In any business, you have to find a way to differentiate your business from your competitors. You need to show how your company, people, and products/services are better and more effective than your competitors’ firms.

From all my years in B2B, I’ve found that great marketing and sales companies had the three major building blocks important to becoming successful. These three building blocks, of any marketing, whether you are selling products and/or services are;

  • Generating Results
  • Creating Value
  • Building Relationships

Prospects and clients expect you to be credible and capable, but these are baseline expectations. These are not differentiators. The differentiators are building that trust by helping this person reach his/her goals, by resolving this particular person’s issues, and demonstrating the value you can bring to him/her, both from a personal & business standpoint. These steps help you build the relationship that is so vital to becoming more than a simple vendor to that person.

And like any three legged stool, if you take one factor away, the entire marketing system can fall apart.

Whether you are selling products or services, you need to have all three building blocks aligned, or you will become a commodity supplier.

There is an order to these blocks, before you can have great marketing, and that is the order mentioned above. You must show your client quantifiable results from any assignments and projects you complete.

Generating Results

You achieve results by offering solutions that solve issues for your clients and prospects. You can also achieve results by offering ways to help your clients and prospects do their jobs better. This may also help them resolve issues they may not know they even had.

At the beginning of any assignment, you need to find out what this person’s goals are. You should also find out what the issues are that your client or prospect is trying to solve that are stopping him/her from reaching their goals. Only by talking to them about their issues, and how deep they run, can you begin to generate results. Once you know their goals, and the issues that need to be resolved for them to reach their goals, you will then find it easier to show the quantifiable results that are so critical to long term success with your client.

Creating Value

You must work with your client to decide what value your efforts did for the client, both from a personal viewpoint, and a company viewpoint. The value you bring, from your client’s personal perspective, is very important and should never be omitted. Sometimes it is difficult to quantify this type of value, but it should never be left out. I have built a system that helps you get at your client’s goals and issues, especially from a personal perspective.

You must also put a value on the work from your client’s business perspective. This should be quantified. Many people have trouble quantifying the business objectives reached. But you must find a way to show the quantifiable benefits reached, in order to show the real value your work did for the client. The best time to do this is upfront, by asking your client then, what quantifiable benefits they expect to receive after the work is completed.

You need to do this in order to build the relationships that will make you, at the very least, one of the very few suppliers they will call for other assignments. And if this is done right, you will eventually become the first, and possibly only supplier they will call.

Building Relationships

The next building block is of course relationship development. In order to build a long lasting relationship with anybody, whether it is personal or in business, you need to establish and build trust with that person.

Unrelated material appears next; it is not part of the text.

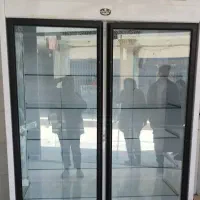 یخچال دو درب فروشگاهی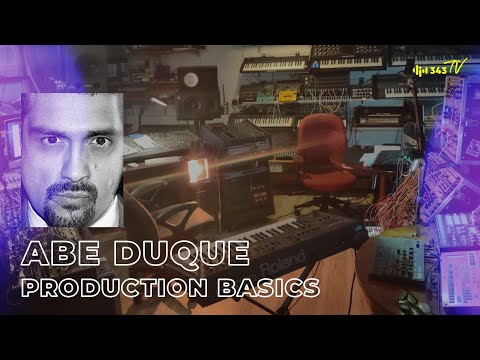 TR-909 | Production Basics with Abe Duque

You build trust by resolving issues and offering value to them. You do not build solid relationships simply by offering good service, or showing a your company’s resume to your prospects and clients. You must also be aware of not thinking that your competency has built trust with your clients.

Building solid business relationships means you need to establish a number of factors in order to become a trusted advisor. These other factors include such things as experience, competency, quality of work, and responsiveness. Relationship development is discussed in a later section. It is the real basis for becoming a trusted business advisor with any of your clients.

I have built a system for discovering goals and issues, and building that relationship that is so important to any successful sale.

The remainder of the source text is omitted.